Captioned web images:
*****

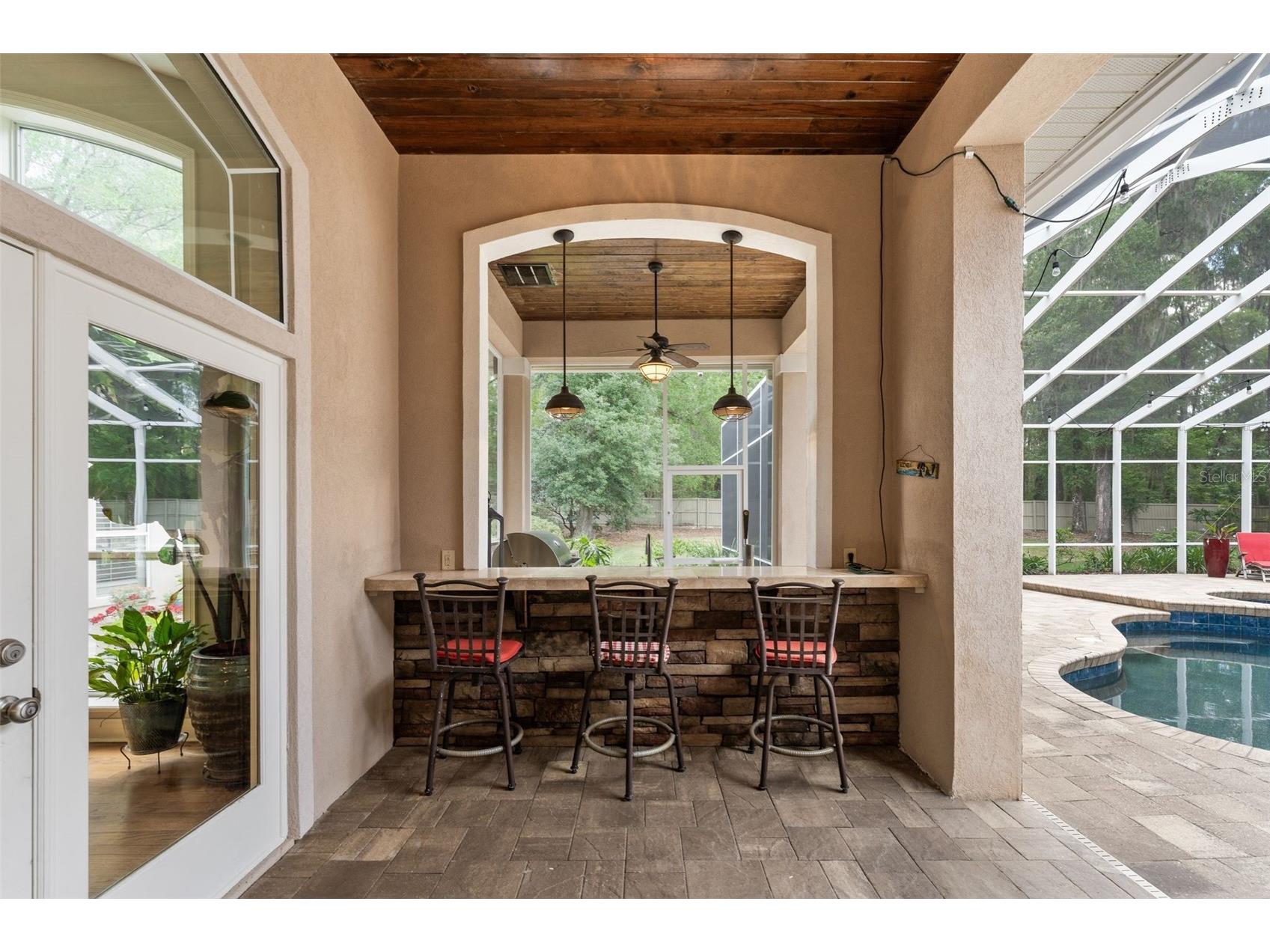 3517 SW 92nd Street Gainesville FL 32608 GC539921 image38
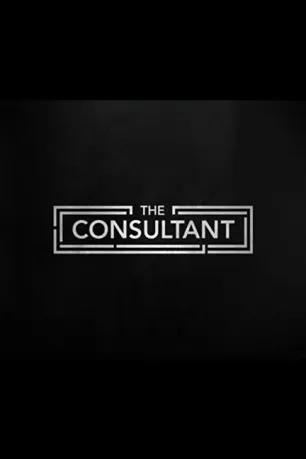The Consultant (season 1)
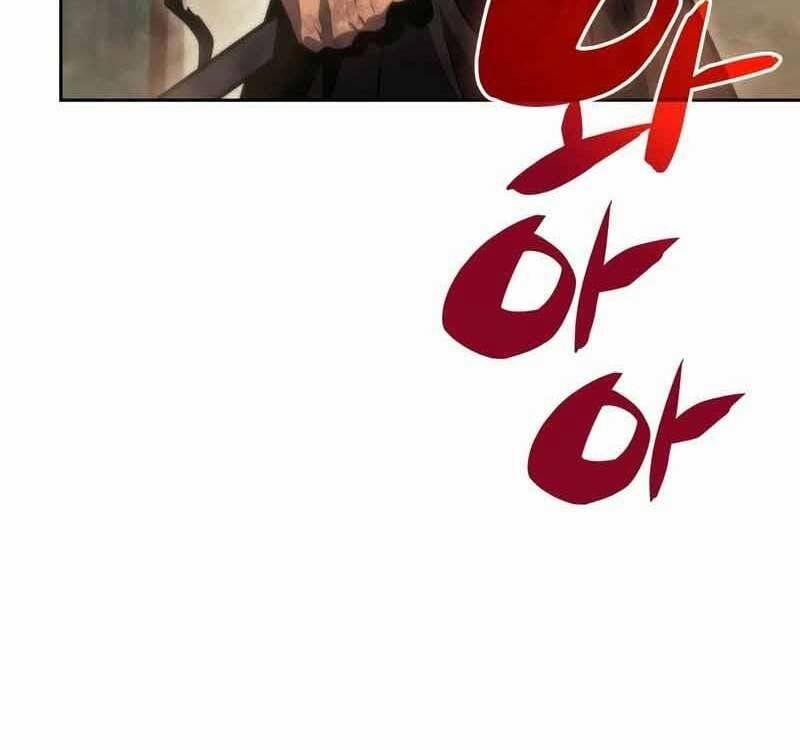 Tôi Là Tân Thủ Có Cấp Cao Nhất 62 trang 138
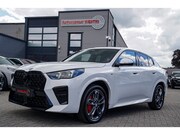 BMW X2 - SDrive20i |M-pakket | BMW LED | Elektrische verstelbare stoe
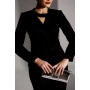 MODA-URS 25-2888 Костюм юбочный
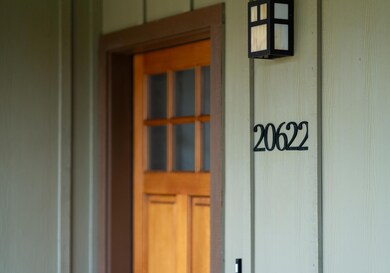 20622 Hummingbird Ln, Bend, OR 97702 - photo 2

*****

◆ **WHAT YOU ARE ASKED TO DO**
Your copy must start at the line that holds "Tôi Là Tân Thủ Có Cấp Cao Nhất 62 trang 138" and end at the last line of the data, both included; it must contain no pictures.

◆ **SOLUTION**
 Tôi Là Tân Thủ Có Cấp Cao Nhất 62 trang 138
 BMW X2 - SDrive20i |M-pakket | BMW LED | Elektrische verstelbare stoe
 MODA-URS 25-2888 Костюм юбочный
 20622 Hummingbird Ln, Bend, OR 97702 - photo 2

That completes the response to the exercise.